THE PROBLEM: Leave out every picture, and return exactly the lines from the line containing "1024x768 Soft Summer Moon" through the end of the records below, both inclusive.

STUDY MATERIAL:
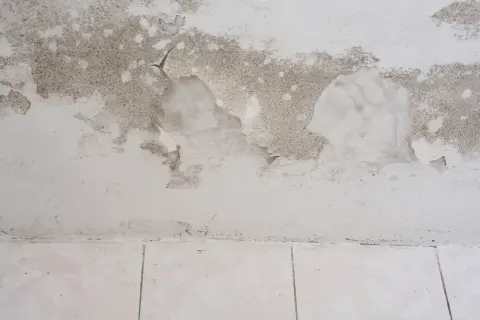 Schimmel und abblätternde Farbe an einer feuchten Kellerwand. Was tun gegen den Schimmelbefall?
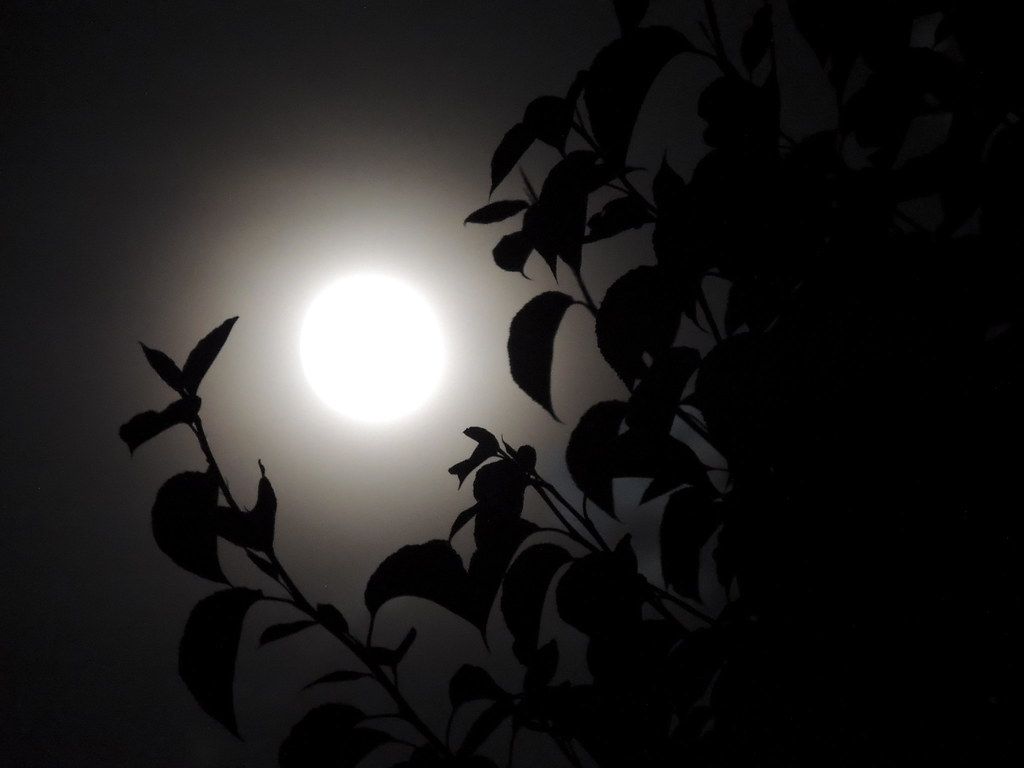 1024x768 Soft Summer Moon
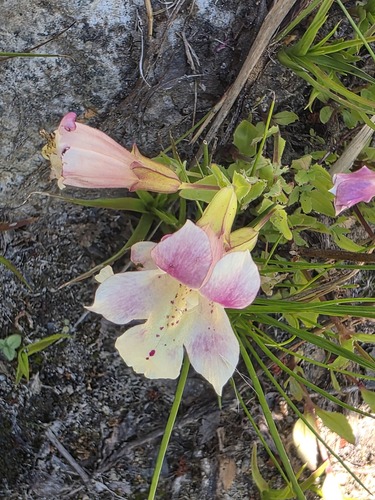 Erythranthe naiandina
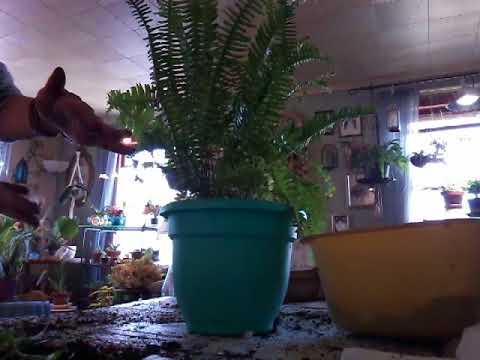 🌻 Repotting : 🌿Kimberly Queen Fern🌿🦋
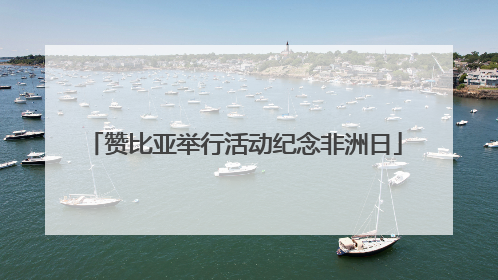 赞比亚举行活动纪念非洲日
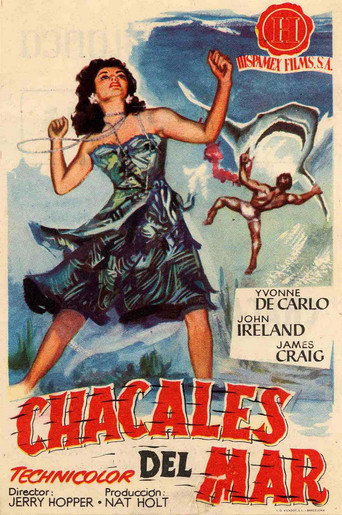 Póster de Hurricane Smith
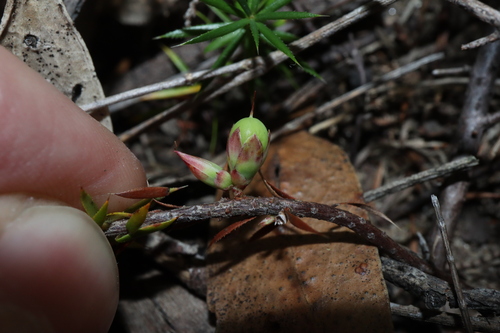 Styphelia humifusa, photograph 5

RESULT OF THIS TASK:
 1024x768 Soft Summer Moon
 Erythranthe naiandina
 🌻 Repotting : 🌿Kimberly Queen Fern🌿🦋
 赞比亚举行活动纪念非洲日
 Póster de Hurricane Smith
 Styphelia humifusa, photograph 5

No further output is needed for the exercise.